Metadata-Version: 2.2
Name: anacostia_pipeline
Version: 0.3.0
Summary: A framework for building MLOps pipelines
Author: Minh-Quan Do
Author-email: mdo9@gmu.edu
Description-Content-Type: text/markdown
License-File: LICENSE
Requires-Dist: networkx==3.1
Requires-Dist: pydantic
Requires-Dist: fastapi
Requires-Dist: uvicorn[standard]
Requires-Dist: httpx
Dynamic: author
Dynamic: author-email
Dynamic: description
Dynamic: description-content-type
Dynamic: requires-dist
Dynamic: summary

# Anacostia
Welcome to Anacostia. Anacostia is a framework for creating machine learning operations (MLOps) pipelines. I believe the process of creating MLOps pipelines today are too difficult; thus, this is my attempt at simplifying the entire process. 

## Notes for contributors and developers
If you are interested in contributing to Anacostia, please see CONTRIBUTORS.md. 
If you are interested in building your own plugins for Anacostia and contributing to the Anacostia ecosystem, please see DEVELOPERS.md. 

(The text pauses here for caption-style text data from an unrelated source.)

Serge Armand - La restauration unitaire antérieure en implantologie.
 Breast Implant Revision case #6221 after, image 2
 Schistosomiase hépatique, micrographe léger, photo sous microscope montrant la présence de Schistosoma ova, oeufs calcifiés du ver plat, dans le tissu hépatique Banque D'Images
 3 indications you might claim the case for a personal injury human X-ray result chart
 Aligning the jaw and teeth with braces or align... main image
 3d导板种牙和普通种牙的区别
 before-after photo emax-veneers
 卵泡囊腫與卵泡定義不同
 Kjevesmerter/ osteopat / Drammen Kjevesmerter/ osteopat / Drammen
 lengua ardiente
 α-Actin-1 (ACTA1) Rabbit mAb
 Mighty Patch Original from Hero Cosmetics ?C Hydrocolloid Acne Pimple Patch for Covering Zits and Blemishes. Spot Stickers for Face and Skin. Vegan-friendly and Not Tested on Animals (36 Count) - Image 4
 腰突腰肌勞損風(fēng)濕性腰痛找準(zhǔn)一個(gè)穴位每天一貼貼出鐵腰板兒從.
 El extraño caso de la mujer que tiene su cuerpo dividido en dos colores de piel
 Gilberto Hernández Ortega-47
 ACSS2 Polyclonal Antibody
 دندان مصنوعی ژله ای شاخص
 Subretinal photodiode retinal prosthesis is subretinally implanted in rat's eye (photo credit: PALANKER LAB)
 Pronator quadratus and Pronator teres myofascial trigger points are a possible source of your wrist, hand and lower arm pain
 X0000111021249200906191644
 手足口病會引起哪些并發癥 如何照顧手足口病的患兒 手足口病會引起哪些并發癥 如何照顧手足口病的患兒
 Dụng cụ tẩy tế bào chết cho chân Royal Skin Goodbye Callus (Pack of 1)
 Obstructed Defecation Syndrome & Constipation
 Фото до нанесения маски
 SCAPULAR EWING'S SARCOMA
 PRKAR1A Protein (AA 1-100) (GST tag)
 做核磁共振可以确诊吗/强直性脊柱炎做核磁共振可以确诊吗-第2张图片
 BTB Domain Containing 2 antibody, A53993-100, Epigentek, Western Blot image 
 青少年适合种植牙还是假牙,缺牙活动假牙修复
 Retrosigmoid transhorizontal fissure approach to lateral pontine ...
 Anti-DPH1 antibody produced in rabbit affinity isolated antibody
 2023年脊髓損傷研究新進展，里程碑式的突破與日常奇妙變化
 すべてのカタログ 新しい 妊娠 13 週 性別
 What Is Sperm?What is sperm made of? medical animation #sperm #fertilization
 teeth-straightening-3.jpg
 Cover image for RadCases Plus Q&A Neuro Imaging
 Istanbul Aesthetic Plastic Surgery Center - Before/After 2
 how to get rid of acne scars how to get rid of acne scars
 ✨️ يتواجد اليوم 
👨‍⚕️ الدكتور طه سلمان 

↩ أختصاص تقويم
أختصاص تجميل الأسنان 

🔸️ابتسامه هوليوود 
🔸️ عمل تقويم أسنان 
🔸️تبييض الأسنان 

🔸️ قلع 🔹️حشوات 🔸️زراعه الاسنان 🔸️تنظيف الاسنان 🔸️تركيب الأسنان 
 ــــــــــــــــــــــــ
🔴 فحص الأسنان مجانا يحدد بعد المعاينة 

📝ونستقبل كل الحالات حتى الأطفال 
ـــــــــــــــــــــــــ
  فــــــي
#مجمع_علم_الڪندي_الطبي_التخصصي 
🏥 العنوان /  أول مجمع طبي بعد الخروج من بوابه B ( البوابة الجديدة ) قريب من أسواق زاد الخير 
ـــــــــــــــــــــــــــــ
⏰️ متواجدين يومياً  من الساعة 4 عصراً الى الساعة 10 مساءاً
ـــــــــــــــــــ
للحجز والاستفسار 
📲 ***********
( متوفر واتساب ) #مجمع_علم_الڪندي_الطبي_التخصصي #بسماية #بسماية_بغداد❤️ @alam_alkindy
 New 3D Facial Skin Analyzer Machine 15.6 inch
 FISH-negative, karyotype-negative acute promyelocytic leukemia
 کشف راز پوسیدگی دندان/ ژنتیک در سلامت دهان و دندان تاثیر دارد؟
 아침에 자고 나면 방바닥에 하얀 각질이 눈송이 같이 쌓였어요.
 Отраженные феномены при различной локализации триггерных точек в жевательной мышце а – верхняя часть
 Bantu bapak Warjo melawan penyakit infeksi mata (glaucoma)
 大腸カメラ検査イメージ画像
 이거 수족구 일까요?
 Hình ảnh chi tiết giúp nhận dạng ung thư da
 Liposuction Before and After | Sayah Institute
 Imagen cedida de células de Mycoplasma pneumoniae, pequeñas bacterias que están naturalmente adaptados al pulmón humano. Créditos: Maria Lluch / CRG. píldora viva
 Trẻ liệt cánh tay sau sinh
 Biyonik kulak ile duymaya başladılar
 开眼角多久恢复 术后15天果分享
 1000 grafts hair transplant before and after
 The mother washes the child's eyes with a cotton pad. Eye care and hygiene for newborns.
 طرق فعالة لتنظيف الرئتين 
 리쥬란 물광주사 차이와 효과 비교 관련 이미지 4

## Basic Anacostia Concepts & Terminology:
Anacostia works by allowing you to define a pipeline as a directed acyclic graph (DAG). Each node in the DAG is nothing more than a continuously running thread that does the following:
1. Waits for enough data to become available in a resource or waits for signals received from other nodes.
2. Executes a job. 
3. Sends a signal to another node upon completion of its job.

The edges of the DAG dictates which child nodes are listening for signals from which parent nodes.

There are fundamentally three types of nodes in Anacostia:
1. Metadata store nodes: stores tracking information about each time the pipeline executes (i.e., a *run*).
    - The metadata store is responsible for storing information like the start/end time of the run, metadata information about all the nodes in the pipeline, etc. 
2. Resource nodes: think of a "resource" as the inputs and outputs of your pipeline.
    - A resource can be a folder on a local filesystem, an S3 bucket, an API endpoint, a database, etc.
    - An "input resource" is a resource that is monitored for changes. When there is enough data in the input resource, it triggers the pipeline to start executing.
    - An "output resource" is a resource that is not monitored for changes. This is a resource that stores artifacts produced by the pipeline. 
    - The data in each resource resides only in that resource, it is never moved to another resource.
    - Other nodes can interact with the data in that resource via calls to its API.
3. Action nodes: executes a job in your pipeline. Examples of jobs include tasks like: data preprocessing, retraining a model on new data, evaluating a model on new data, etc.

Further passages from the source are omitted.